Alumni Profile: Vance Gledhill, BSc (1961)

Vance Gledhill

Just over forty years ago, Professor Vance Gledhill graduated from the University of Sydney with a BSc majoring in physics. He was amongst the first students to study programming in Australia: “John Bennett had just built SILLIAC, and in second year all the physics students did a Christmas programming course in A9. It was all very exciting!” On graduating he found better job prospects in IT: “My first job was to teach punch-card machines at IBM. From there I moved into writing code and then eventually on to IT in medicine. That is when I got to tackle really tough problems using IT.”

Professor Gledhill says that working on decision-making in medicine is a highlight of his career. In the 1970s he developed a system that, without a doctor’s intervention, could make diagnoses, and recommend further investigation and treatment planning. “In a study we out-preformed a panel of doctors in making diagnoses.” Professor Gledhill was awarded the Swiss Karger Prize for Medical Research for this work: “I could work on it for hours, I just didn’t want to let it go. I wanted to improve a current system using IT, but beneath that was a desire to understand how people made decisions and to develop a tool that had certain attributes of the mind, and could be manipulated to come up with the same findings as the mind – it was fantastic.’

This achievement, amongst many others, was recently recognised when Professor Gledhill was appointed a Member of the Order of Australia in this year’s Australia Day honours. The well-deserved appointment was made for ‘service to computer science as an academic, researcher and administrator, through contributions to the development of computer applications, particularly in the education and health sectors, and to the community.’

Professor Gledhill is retired, after a career that has included stints at UTS, UNSW, Macquarie University, Trinity College Dublin, The National College of Ireland, Royal Prince Albert Hospital, The Walter and Eliza Hall Institute of Medical Research, and most notably as Founder and Director of the Microsoft Institute in the 1990s. Retirement has not slowed him down; he currently works with the School as an Honorary Associate in the Language and Knowledge Management Laboratory. Last year he also became one of the Directors of the National Computer Science School (NCSS).

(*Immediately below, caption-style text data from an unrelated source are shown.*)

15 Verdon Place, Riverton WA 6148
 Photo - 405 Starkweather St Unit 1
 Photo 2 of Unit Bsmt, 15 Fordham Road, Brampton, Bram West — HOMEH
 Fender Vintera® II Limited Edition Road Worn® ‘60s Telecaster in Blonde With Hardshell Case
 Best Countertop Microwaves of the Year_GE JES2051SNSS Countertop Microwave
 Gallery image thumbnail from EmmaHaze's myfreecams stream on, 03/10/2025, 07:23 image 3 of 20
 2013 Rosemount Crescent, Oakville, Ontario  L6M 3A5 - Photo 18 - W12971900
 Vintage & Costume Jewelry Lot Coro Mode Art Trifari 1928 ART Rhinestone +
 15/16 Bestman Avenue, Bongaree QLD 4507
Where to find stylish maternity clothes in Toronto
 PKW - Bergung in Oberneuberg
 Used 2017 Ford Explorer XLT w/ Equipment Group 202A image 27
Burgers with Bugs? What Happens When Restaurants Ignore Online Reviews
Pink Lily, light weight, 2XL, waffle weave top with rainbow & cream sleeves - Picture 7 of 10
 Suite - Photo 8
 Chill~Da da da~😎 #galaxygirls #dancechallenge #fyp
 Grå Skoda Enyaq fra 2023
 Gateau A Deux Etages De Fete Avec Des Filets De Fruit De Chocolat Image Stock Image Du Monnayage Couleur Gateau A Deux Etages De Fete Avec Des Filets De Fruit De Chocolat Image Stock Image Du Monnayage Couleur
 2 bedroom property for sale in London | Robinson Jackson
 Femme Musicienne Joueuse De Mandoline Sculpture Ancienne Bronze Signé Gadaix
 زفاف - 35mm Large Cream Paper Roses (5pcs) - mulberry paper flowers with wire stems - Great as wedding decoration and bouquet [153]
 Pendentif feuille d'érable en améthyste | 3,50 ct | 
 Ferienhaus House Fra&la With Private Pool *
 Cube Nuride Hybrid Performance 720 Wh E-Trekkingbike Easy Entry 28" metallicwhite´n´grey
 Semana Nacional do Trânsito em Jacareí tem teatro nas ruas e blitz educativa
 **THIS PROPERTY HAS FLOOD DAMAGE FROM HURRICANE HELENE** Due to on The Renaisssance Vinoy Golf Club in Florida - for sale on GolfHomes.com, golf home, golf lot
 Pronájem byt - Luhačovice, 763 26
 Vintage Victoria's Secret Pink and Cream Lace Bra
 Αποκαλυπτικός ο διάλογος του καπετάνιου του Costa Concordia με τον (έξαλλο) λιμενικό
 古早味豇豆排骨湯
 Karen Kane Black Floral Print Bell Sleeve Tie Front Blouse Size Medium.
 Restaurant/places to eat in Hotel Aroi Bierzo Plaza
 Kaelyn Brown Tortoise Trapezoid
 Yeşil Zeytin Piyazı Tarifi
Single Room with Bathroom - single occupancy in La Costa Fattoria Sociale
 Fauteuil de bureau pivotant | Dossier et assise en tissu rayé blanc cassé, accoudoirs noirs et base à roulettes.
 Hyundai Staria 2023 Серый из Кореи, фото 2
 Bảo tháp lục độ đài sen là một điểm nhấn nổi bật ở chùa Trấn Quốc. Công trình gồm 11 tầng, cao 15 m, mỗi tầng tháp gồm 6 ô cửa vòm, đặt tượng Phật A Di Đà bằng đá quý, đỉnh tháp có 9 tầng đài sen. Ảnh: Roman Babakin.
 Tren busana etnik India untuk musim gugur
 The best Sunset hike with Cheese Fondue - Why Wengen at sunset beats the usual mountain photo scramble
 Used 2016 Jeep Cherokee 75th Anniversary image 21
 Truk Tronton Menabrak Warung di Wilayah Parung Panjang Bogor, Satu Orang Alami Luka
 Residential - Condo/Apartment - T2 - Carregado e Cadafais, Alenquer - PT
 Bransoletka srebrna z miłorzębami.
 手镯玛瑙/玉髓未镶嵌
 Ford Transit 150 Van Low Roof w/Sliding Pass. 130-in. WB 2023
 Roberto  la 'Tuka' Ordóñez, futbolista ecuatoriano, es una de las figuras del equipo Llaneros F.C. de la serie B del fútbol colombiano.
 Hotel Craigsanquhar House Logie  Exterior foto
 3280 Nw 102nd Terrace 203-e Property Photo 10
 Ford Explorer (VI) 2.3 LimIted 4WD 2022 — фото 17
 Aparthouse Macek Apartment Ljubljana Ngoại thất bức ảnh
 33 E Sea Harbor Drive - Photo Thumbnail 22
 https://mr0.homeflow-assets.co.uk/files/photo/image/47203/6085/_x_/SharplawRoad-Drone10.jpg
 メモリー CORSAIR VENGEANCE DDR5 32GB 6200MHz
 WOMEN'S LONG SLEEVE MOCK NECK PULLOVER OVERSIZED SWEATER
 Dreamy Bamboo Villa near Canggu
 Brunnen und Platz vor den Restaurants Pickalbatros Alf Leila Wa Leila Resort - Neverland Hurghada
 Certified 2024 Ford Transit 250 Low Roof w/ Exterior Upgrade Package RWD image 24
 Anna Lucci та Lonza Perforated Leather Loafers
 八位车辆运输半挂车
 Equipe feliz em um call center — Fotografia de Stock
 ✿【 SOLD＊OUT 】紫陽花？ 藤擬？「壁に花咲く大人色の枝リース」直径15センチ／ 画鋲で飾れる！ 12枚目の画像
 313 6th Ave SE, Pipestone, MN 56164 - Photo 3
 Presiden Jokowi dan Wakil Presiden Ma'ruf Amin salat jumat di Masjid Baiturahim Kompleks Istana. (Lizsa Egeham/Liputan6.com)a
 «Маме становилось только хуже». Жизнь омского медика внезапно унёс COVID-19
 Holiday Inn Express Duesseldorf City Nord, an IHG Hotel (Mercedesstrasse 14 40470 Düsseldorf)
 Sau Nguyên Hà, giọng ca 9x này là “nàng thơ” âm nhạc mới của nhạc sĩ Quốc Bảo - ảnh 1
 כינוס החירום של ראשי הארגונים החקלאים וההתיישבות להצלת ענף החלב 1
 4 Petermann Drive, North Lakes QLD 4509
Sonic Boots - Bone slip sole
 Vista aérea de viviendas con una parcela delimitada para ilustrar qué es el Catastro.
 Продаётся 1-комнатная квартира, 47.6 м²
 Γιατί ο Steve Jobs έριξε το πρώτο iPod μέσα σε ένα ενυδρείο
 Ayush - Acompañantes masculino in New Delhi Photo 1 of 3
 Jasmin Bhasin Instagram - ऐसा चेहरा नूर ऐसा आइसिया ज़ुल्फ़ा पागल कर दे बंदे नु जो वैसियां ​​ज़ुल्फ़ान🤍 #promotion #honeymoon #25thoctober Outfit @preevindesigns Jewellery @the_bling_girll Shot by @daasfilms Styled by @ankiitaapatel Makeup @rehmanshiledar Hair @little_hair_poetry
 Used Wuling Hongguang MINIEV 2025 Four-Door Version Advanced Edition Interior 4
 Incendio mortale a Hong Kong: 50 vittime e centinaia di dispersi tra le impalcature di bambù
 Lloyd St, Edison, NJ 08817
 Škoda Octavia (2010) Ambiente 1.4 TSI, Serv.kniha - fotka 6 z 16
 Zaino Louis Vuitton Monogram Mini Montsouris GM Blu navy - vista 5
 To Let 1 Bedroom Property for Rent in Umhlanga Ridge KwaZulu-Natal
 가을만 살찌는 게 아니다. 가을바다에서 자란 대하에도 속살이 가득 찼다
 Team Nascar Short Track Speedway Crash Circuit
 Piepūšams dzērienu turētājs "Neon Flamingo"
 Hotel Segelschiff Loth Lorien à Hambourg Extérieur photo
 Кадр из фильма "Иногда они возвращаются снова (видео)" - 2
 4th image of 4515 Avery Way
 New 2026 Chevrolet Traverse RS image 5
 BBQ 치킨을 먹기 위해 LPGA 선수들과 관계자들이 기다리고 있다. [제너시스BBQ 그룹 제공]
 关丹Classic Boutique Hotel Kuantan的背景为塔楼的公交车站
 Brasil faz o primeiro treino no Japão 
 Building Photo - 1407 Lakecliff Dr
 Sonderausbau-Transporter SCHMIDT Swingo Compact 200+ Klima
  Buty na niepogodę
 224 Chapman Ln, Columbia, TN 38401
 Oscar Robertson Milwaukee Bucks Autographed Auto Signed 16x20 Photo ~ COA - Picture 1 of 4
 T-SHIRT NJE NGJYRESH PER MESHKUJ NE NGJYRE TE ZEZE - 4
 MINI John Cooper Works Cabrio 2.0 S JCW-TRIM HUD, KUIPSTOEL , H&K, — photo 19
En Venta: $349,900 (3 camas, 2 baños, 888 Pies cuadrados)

NCSS is a summer program run for high school students, who live on campus for an intensive week of computer programming and web design. Professor Gledhill has proven a valuable addition to the team, NCSS 2008 was bigger and better than ever: “NCSS is an exceptional program. A small team of academic staff and student volunteers take a group of high school kids and expose them to a broader world of IT. Their enthusiasm is catching - if they don’t love IT before coming to NCSS, they certainly do when they leave!”

On top of these commitments Professor Gledhill has also returned to student life, undertaking a psychology degree at Sydney with a view to tackling some ‘really tough problems’ in that field: “I would like to work on research into pre-natal and neo-natal parenting, working with the indigenous people of Cape York.”

Are there still ‘really tough problems’ to work on in IT? “Yes there are. My interests lie in capturing human functions, for example emotions – can computers emulate anger, sadness, happiness? It is a bit ‘out there’, but lots of things have been done in this field that people in the past have thought impossible.”